Gegen diese Entscheidung richtet sich die Revision des Klägers aus dem Revisionsgrund der unrichtigen rechtlichen Beurteilung mit dem Antrag auf Abänderung im klagsstattgebenden Sinn. Hilfsweise wird ein Aufhebungs- und Zurückverweisungsantrag gestellt.

Die beklagte Partei hat sich am Revisionsverfahren nicht beteiligt.

Rechtliche Beurteilung

Die Revision ist nicht berechtigt.

Die rechtliche Beurteilung der angefochtenen Entscheidung ist zutreffend (§ 510 Abs 3 Satz 2 ZPO).

Eingangs ist festzuhalten, dass die Bezeichnung der beklagten Partei amtswegig von "Pensionsversicherungsanstalt der Arbeiter" auf "Pensionsversicherungsanstalt" zu berichtigen war, weil mit 1. 1. 2003 alle Rechte und Verbindlichkeiten der Pensionsversicherungsanstalt der Arbeiter auf die neu errichtete Pensionsversicherungsanstalt als Gesamtrechtsnachfolger übergingen (§ 538a ASVG idF der 59. ASVGNov BGBl I 2002/1).

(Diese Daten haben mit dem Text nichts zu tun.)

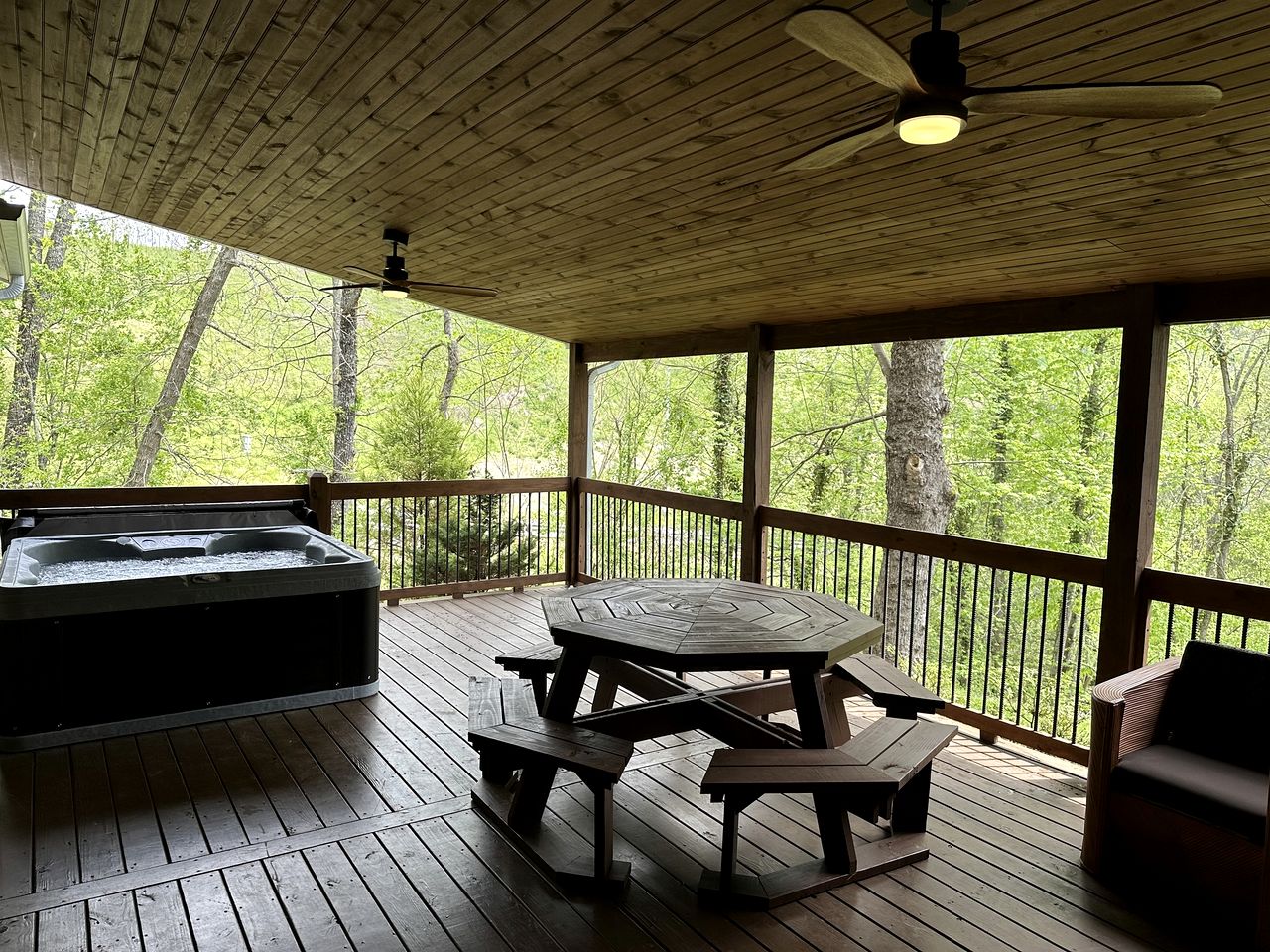 Beautiful Fully Furnished Cabin with Hot-Tub and Game Room in Gatlinburg, Tennesse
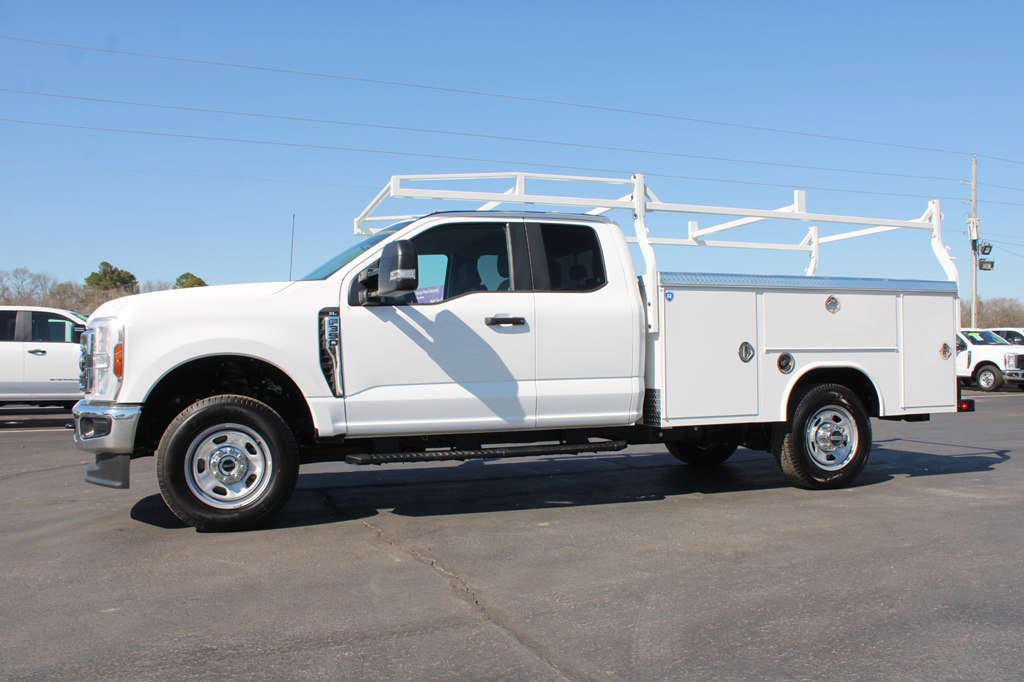 Used 2024 Ford F350 XL w/ XL Chrome Package image 3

Der Kläger macht in seinen Revisionsausführungen im Wesentlichen geltend, dass er Berufsschutz als Schweißer genieße und eine Verweisbarkeit auf die Tätigkeit eines qualifizierten Fertigungsprüfers geradezu auszuschließen sei, zumal jemand, der über kein räumliches Sehen verfüge und daher aus augenfachärztlicher Sicht selbst keine Schweißarbeiten mehr durchführen könne, aufgrund des eingeschränkten Sehvermögens sicherlich auch nicht allfällige Schweißarbeiten als Fertigungsprüfer überprüfen könne. Gerade die Tätigkeit eins Fertigungsprüfers erfordere denknotwendigerweise eine noch bessere Sehfähigkeit als die Tätigkeit eins Schweißers. Im erstinstanzlichen Verfahren sei überhaupt keine Aussage darüber getroffen worden, ob der Kläger aufgrund seiner gesundheitlichen Beeinträchtigung in der Lage sei, den Verweisungsberuf eines Qualitäts- oder Fertigungsprüfers auszuüben. Darüber hinaus sei nicht geprüft worden, inwieweit die Tätigkeit eines qualifizierten Fertigungsprüfers von einem Nicht-Österreicher überhaupt ausgeübt werden könne, zumal die Qualitätskontrolle bekanntermaßen branchenbedingt nicht mit Ausländern besetzt würde. Diese Ausführungen sind nicht berechtigt.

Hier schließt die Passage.